§ **Exercise prompt**: From the line containing "Yeşil Kadın Terlik Y973935004-2" through the last line of the entries, output the text exactly. Pictures stay out.

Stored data

※ ※ ※

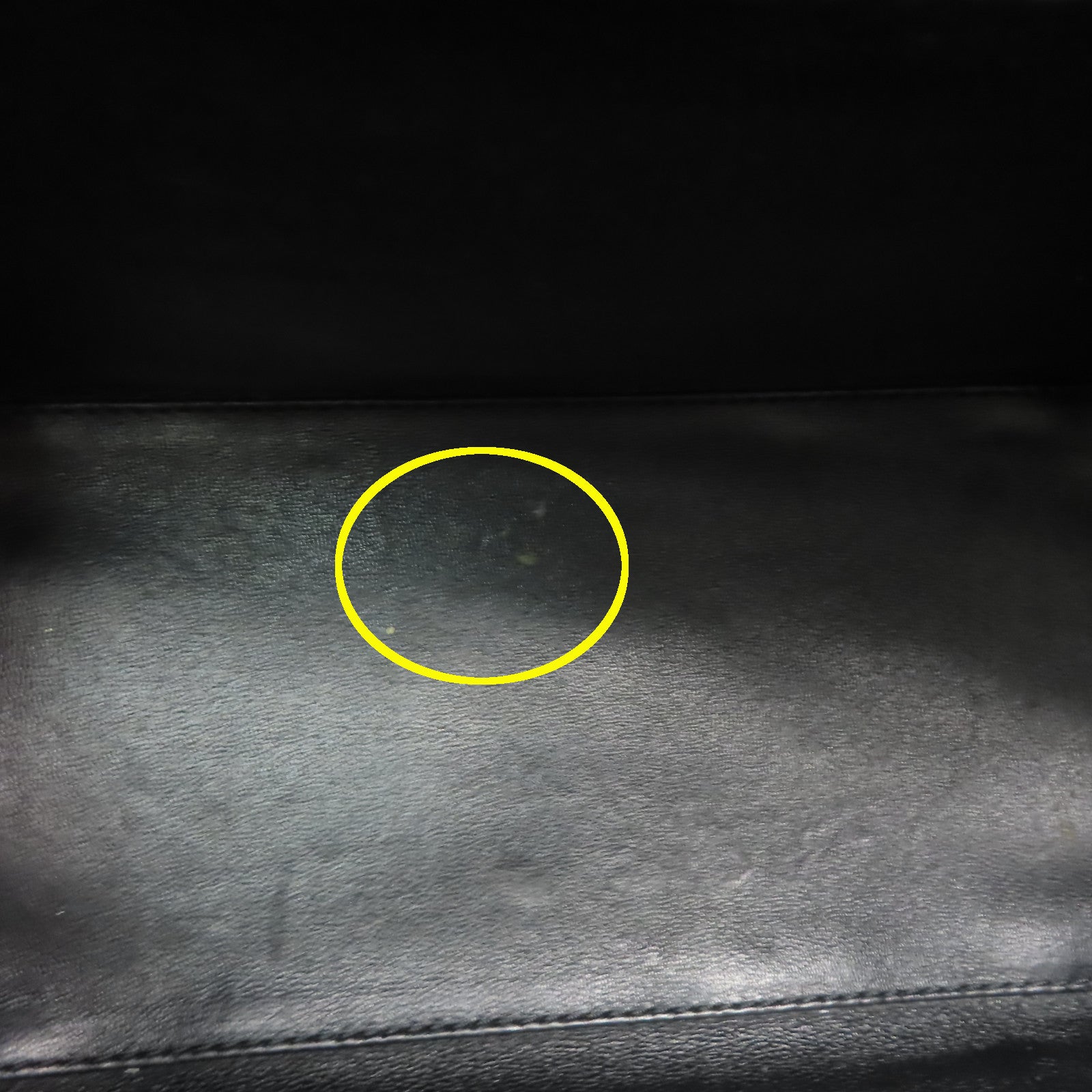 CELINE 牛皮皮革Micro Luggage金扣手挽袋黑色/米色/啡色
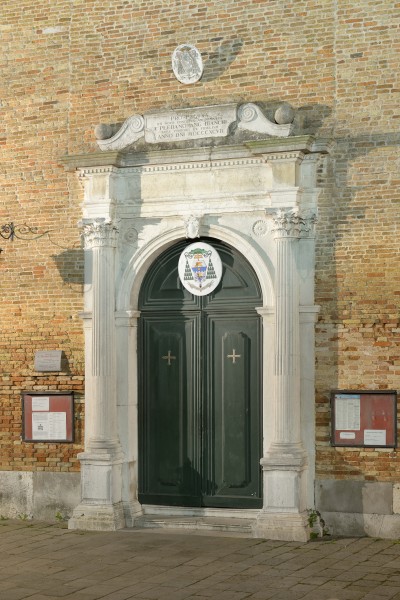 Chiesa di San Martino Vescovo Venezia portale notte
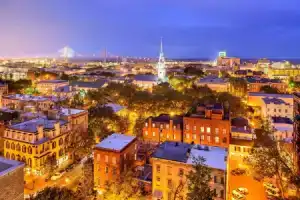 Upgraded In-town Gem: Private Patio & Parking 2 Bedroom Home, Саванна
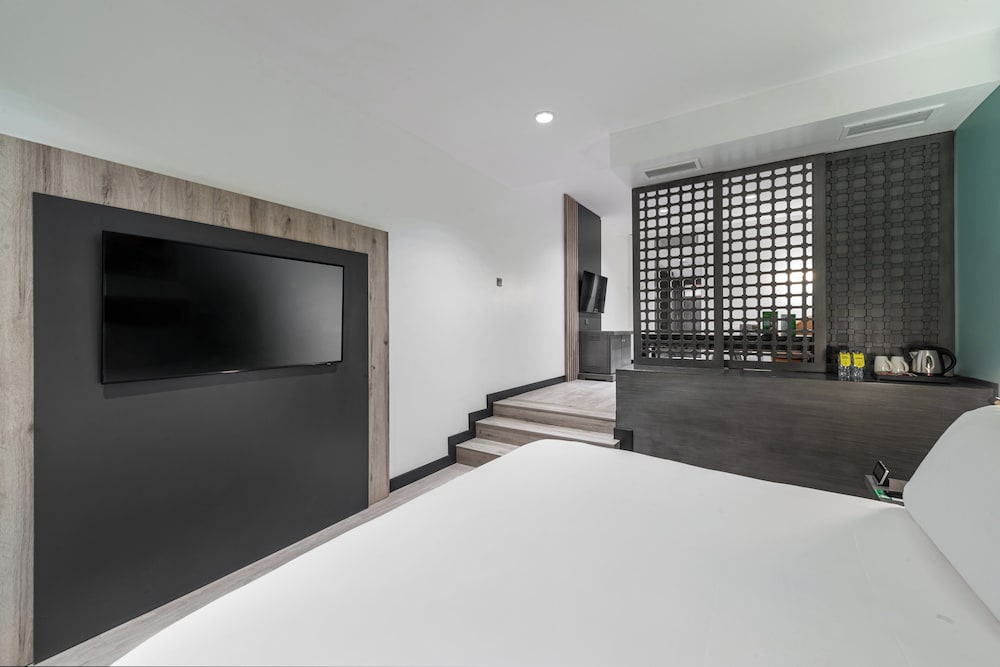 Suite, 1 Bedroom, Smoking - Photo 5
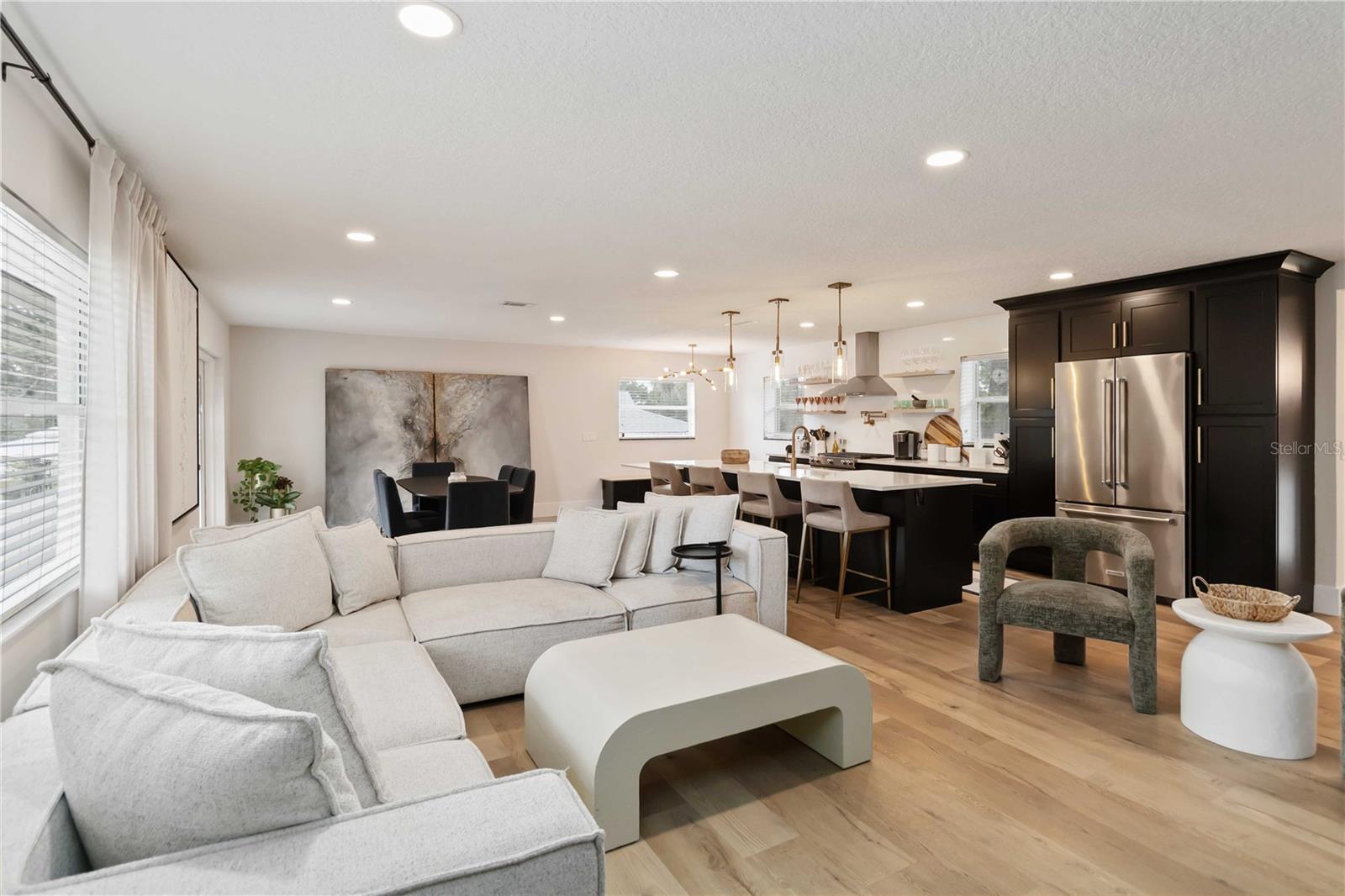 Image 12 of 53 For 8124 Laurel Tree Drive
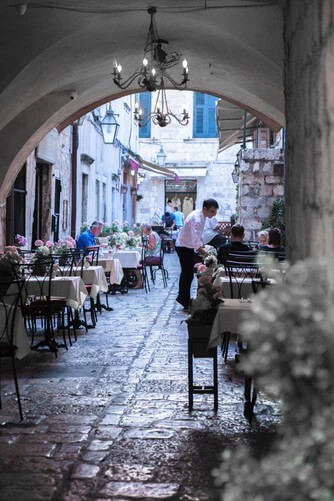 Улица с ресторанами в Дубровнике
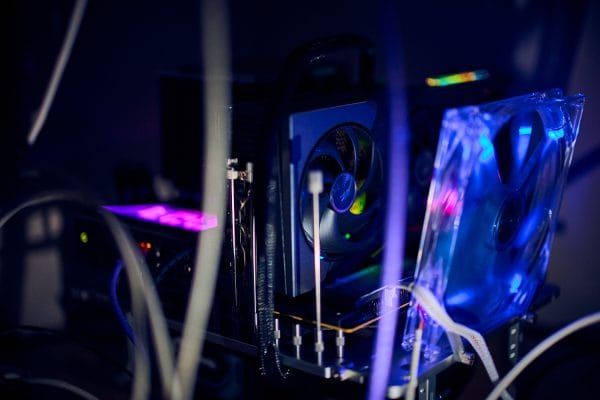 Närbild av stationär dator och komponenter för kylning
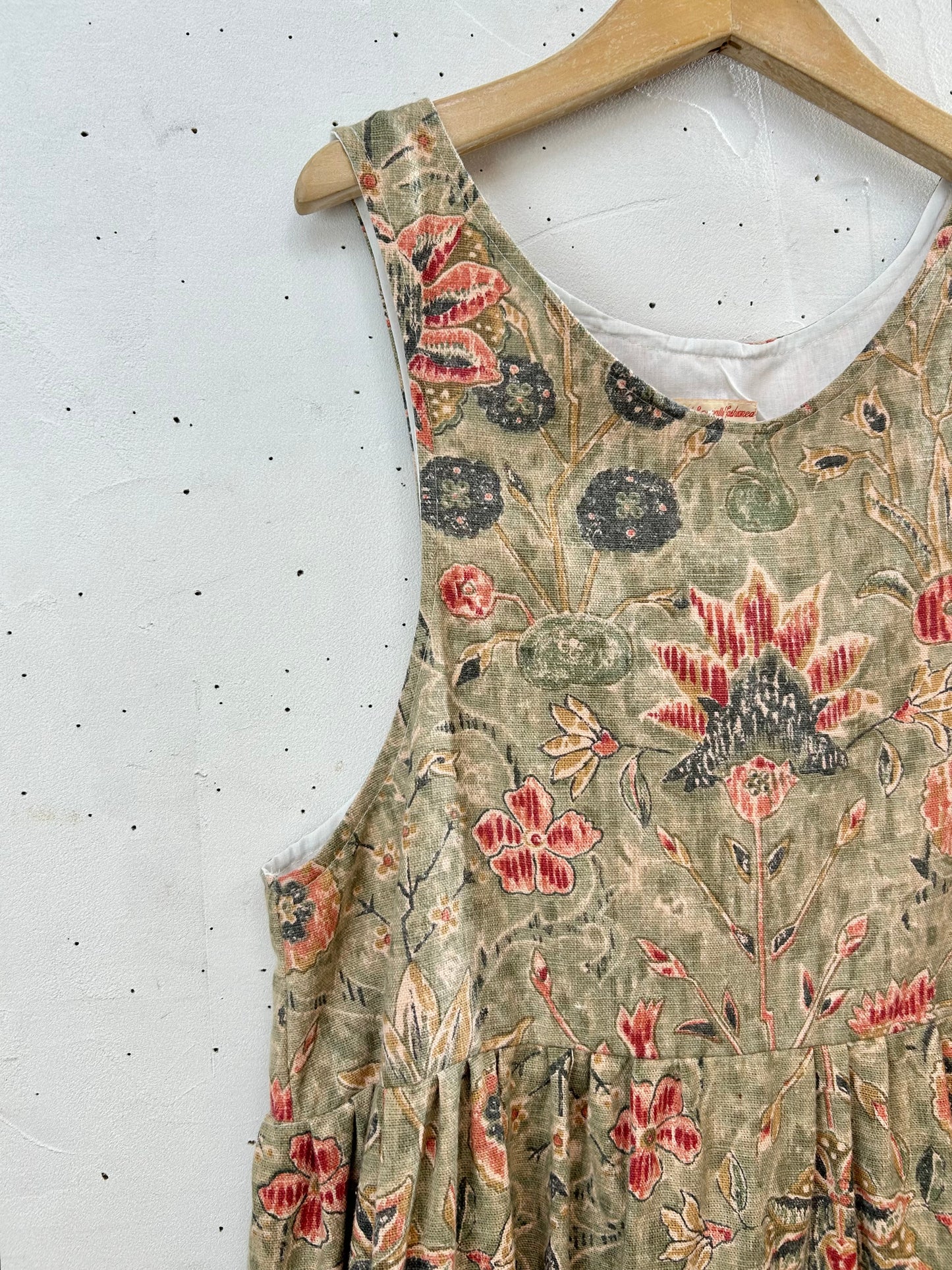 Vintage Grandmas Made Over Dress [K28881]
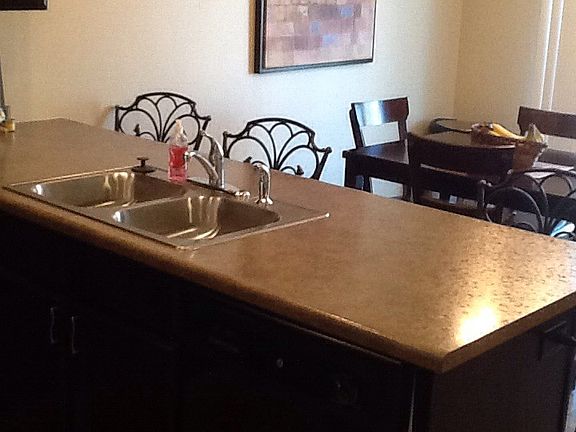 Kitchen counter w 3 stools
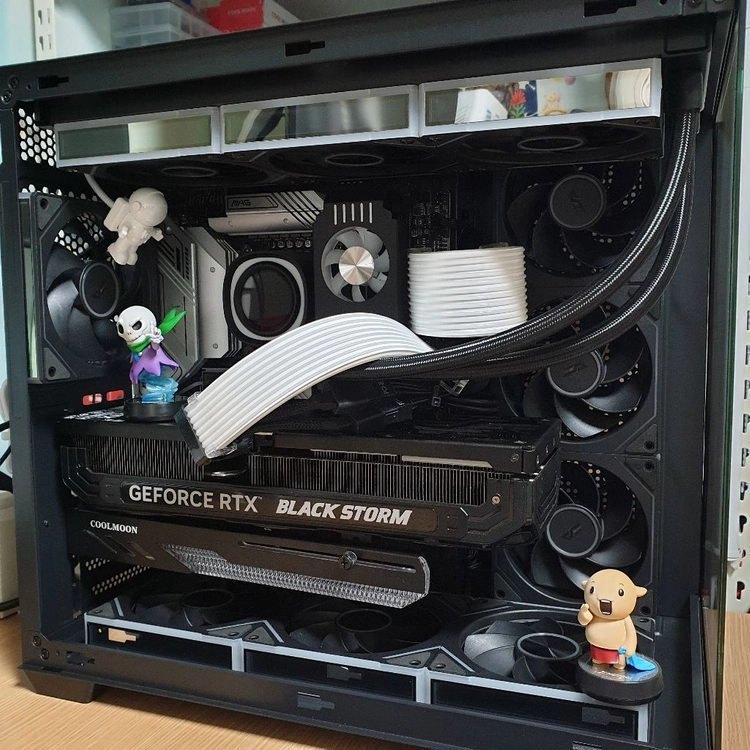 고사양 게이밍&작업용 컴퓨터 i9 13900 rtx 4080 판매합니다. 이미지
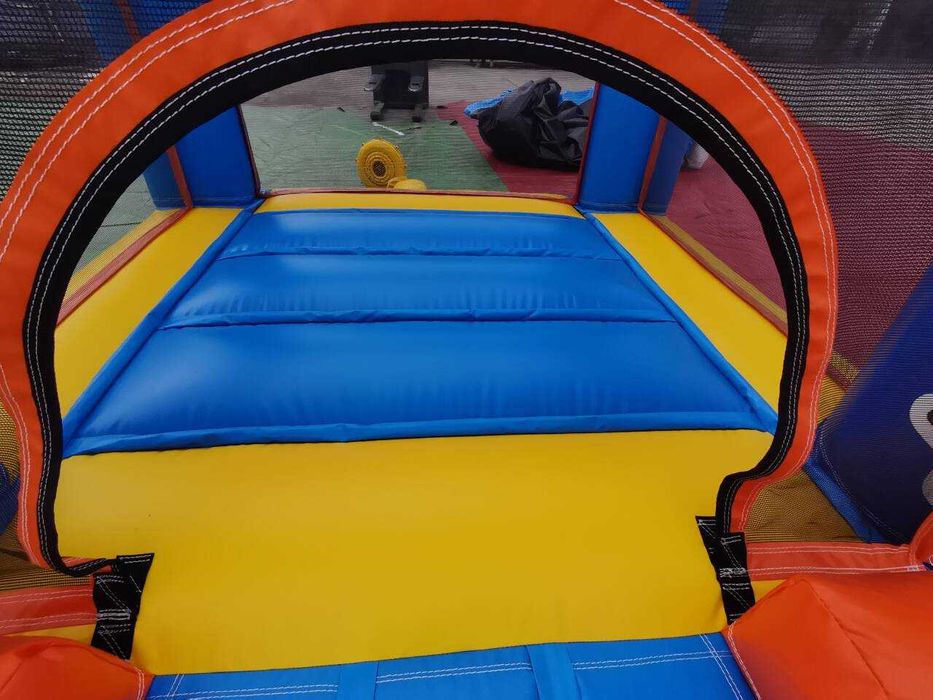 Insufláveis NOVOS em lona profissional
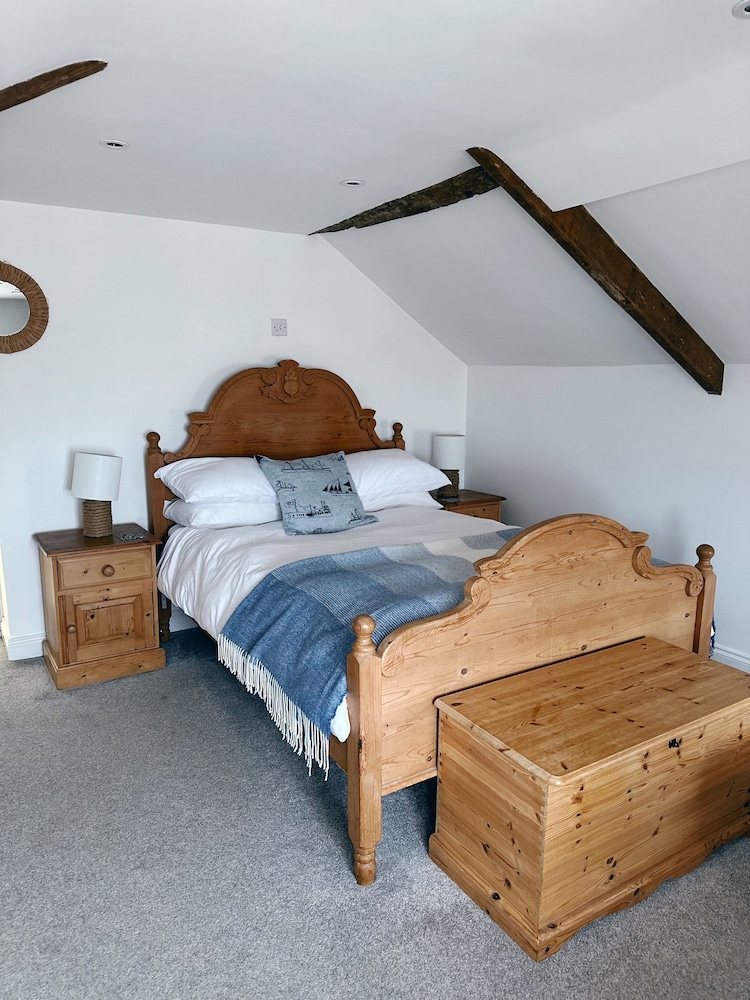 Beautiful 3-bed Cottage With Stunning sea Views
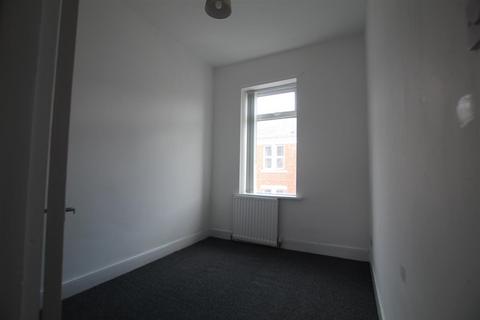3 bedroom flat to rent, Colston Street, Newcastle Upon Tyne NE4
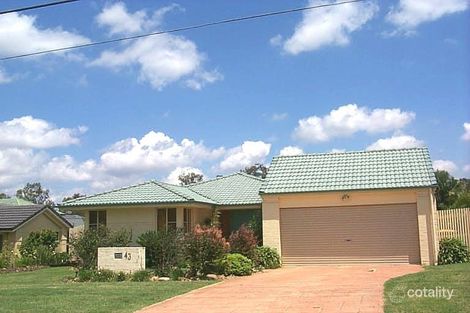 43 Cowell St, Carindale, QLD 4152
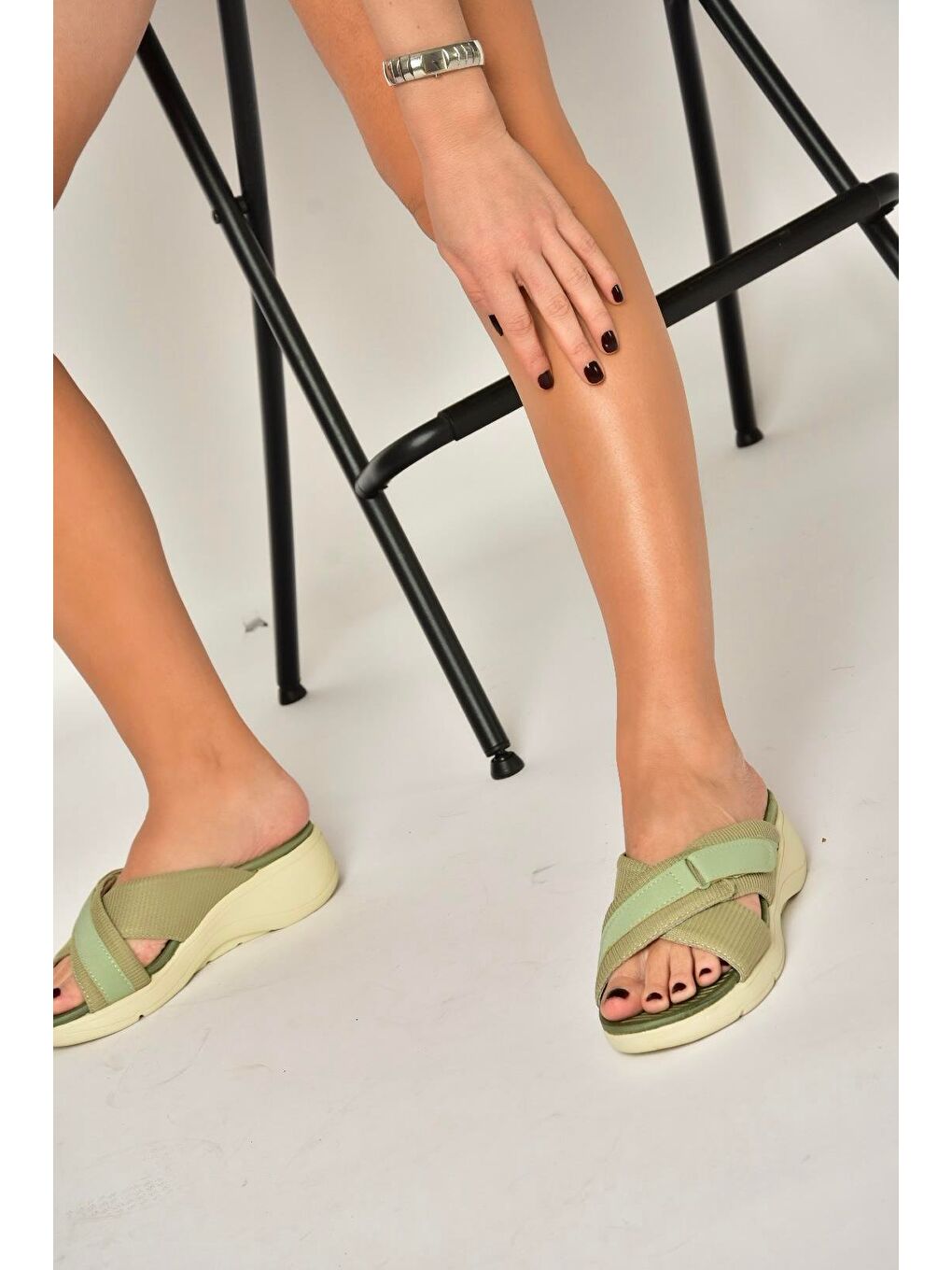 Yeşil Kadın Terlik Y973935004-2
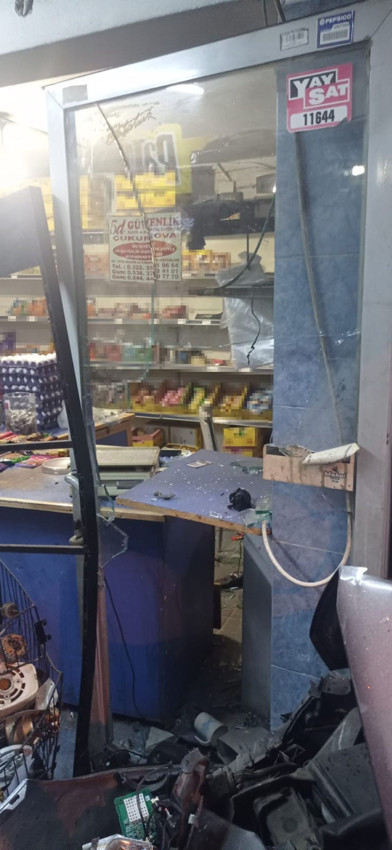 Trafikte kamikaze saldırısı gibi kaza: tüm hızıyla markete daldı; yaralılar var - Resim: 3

※ ※ ※

§ **Exercise answer**:
 Yeşil Kadın Terlik Y973935004-2
 Trafikte kamikaze saldırısı gibi kaza: tüm hızıyla markete daldı; yaralılar var - Resim: 3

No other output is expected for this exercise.